Note: The solution is to run your own AI agent. You can use AutoGPT, or some other GPT-4-based offshoot of ChatGPT for this. Other mainstream chat-based AI tools do promise to keep the data you feed them private. Trust them if you wish.

Whether you use AI, a human assistant, or your own brainpower to digest all that intel, you end this step when you’ve pored over everything, and drawn meaningful conclusions about what it all means for your org.

5) Create a response plan

Now that you know what your findings mean for your business, you can figure out what to do about them.

While the data gathering and data analysis parts of the process are time intensive, it’s perhaps this step that’s most important.

Your response plan should be based on your conclusions about what the data you’ve uncovered means for your business. And, of course, this should be informed by, and aligned with, the key objective for the analysis you outlined right at the start.

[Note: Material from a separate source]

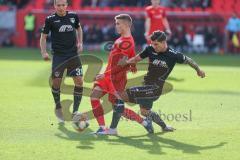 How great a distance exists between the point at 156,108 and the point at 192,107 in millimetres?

For any decisive conclusions you’ve reached (like opportunities, or looming threats you need to address), figure out what needs to be done and break this down into a series of actionable steps.

These action points form the basis of the next stage…

6) Operationalize and action your strategic plan

So you know what needs doing.

All that’s left is to translate your steps into your project management software.

This way, everything gets tracked. Every task has its details and an assigned owner. Build project boards where necessary with dependencies between tasks, so there’s visibility into any issues or blockers.

For more on this, check out: How to operationalize a strategic plan.

7) Monitor and adjust

No plan can be perfect.

So build flexibility into the plan as a core feature from the start.

Don’t make your plan, its due dates, its action steps so rigid the whole thing falls apart if a prediction doesn’t come to pass, or a primary deadline gets missed.

Monitor the progress and effectiveness of your strategic plan as time passes. Accept it, with all its imperfections, and make the necessary adjustments to maximize your competitive advantage and exploit every possible market opportunity.


Phew. 😮‍💨

We’ve covered a lot… let’s sum up!

🌍 PESTLE analysis sees you examine six external macro factors (Political, Economic, Social, Technological, Legal, Environmental) that affect your organization.

The framework helps provide context for your strategic planning and business decision-making.

💰 For economic factors, keep an eye on exchange rates, inflation, interest rates, labor costs, and economic policies. They can directly influence your bottom line.

🧲 Remember that new technology can help, or it can hurt. Ask yourself whether any emerging technologies could automate your processes, or otherwise save you costs.

💼 When performing a PESTLE analysis, begin with the end in mind. Figure out where you want to get to before you start, and consider employing an AI tool to help you digest all that data.